The issue has also yet again brought into focus the larger issue of millions of Biharis migrating to various states in the country, due to the lack of adequate job opportunities back home. Three of those who died in the accident were youngsters from a village in the state.
“I have written to the urban development minister (S. Jaipal Reddy) to pay them compensation and give employment to at least one person from the families of those who died,” Hussain, who is an MP from Bhagalpur, to which three of the workers who were killed in the mishap belonged, told IANS.
He said he had initiated the process to identify workers from his constituency in Delhi and create a database of migrants to ensure he could help them in trouble.
Due to the lack of employment opportunities in Bihar, millions migrate to Delhi, Mumbai, Surat, Bangalore, parts of Assam, Jammu and Kashmir, Punjab, and Haryana in search of work.
According to the 2001 census, more than 1.6 million people out of Bihar’s 8.2 crore population had migrated to other states. Most of them are landless farmers, poor workers and a large number of skilled labour from urban areas.
The migration of Bihari workers has been on for decades but it has increased in the last two decades. They had often been attacked in other states.
Bihari migrant workers have been targeted in Mumbai, Pune and Nashik in Maharashtra and in Assam in the last couple of months.

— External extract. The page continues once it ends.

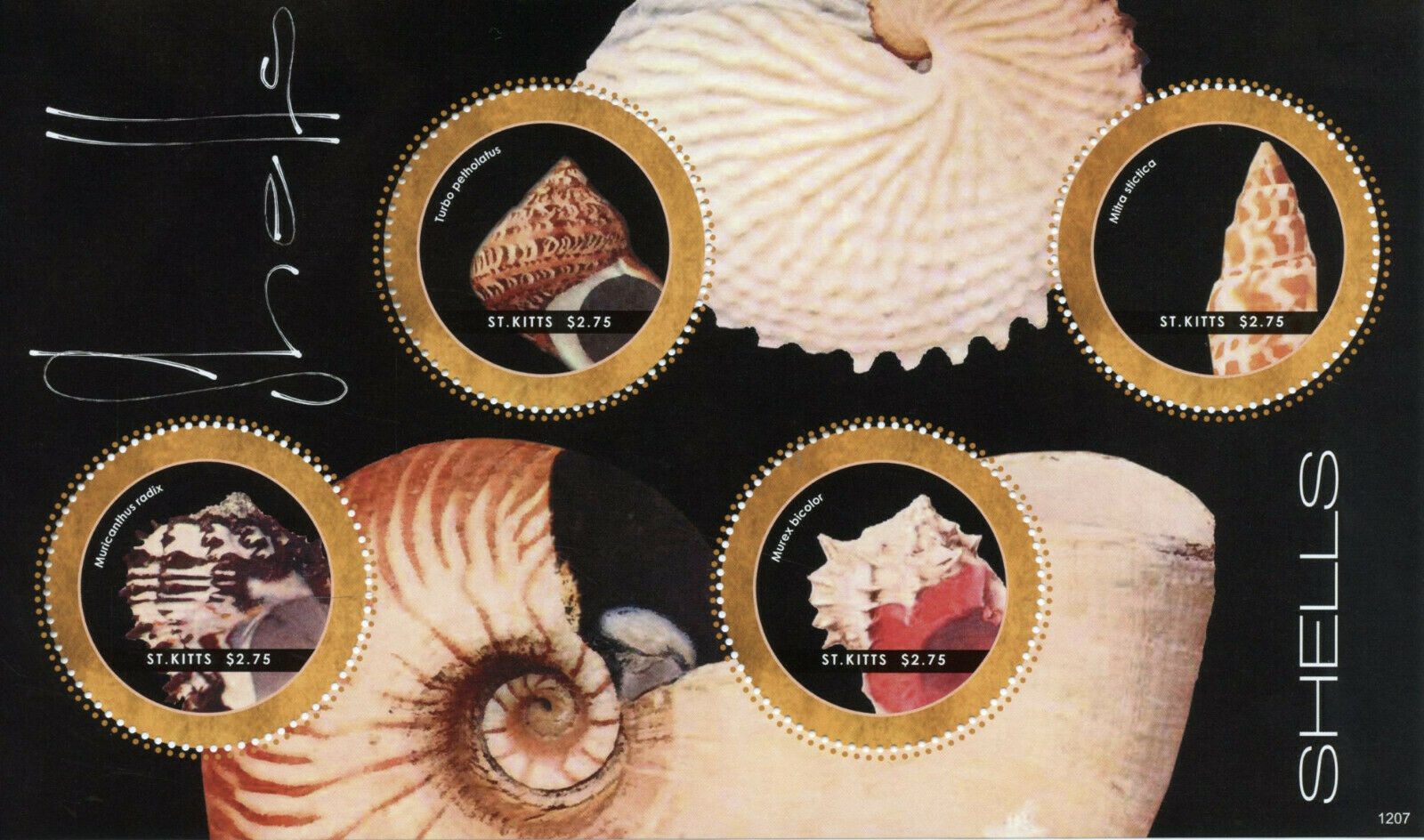 St Kitts Seashells Stamps 2012 MNH Shells Marine Turbo Petholatus Murex 4v M/S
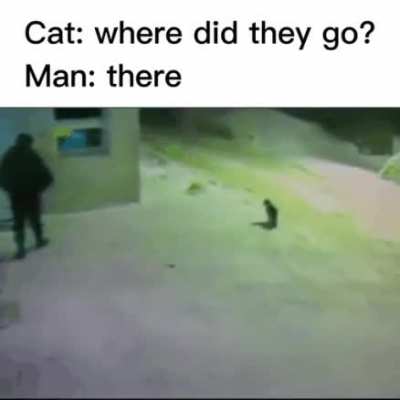 Cat🤝Man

Census 1991 brought out an interesting trend. The population entering Bihar was 364,337 and that exiting the state was more than three times higher at 1,226,839.

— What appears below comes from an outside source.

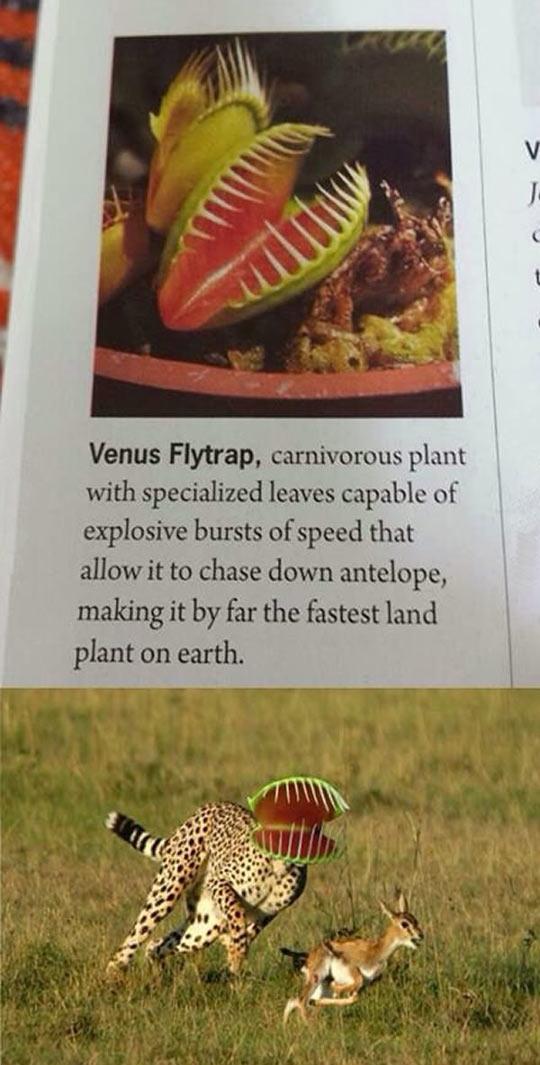 Err%26%238230%3B+I%26%238217%3Bll+Take+Your+Word+For+It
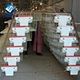 quail cage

When told that a newspaper report quoted the villagers of Lattipur in Bhagalpur district blaming him and the state government for having failed to provide employment opportunities back home, Hussain said migration from Bihar was “a larger issue”.
The three deceased workers – Pappu Yadav, 25, Amit Yadav, 25, and Niranjan Yadav, 18 – are from Lattipur, which sends hundreds across the country for jobs.
Hussain was quick to clarify that this village was not part of his constituency earlier and had been included in the April-May elections after delimitation.
The former central minister said checking migration should be a joint effort of the state government and the central government.
“This is why we are asking the centre to provide a special package for the state. Since I come from the ruling NDA (National Democratic Alliance) in Bihar, I am not saying it is not my government’s responsibility to check migration,” he added.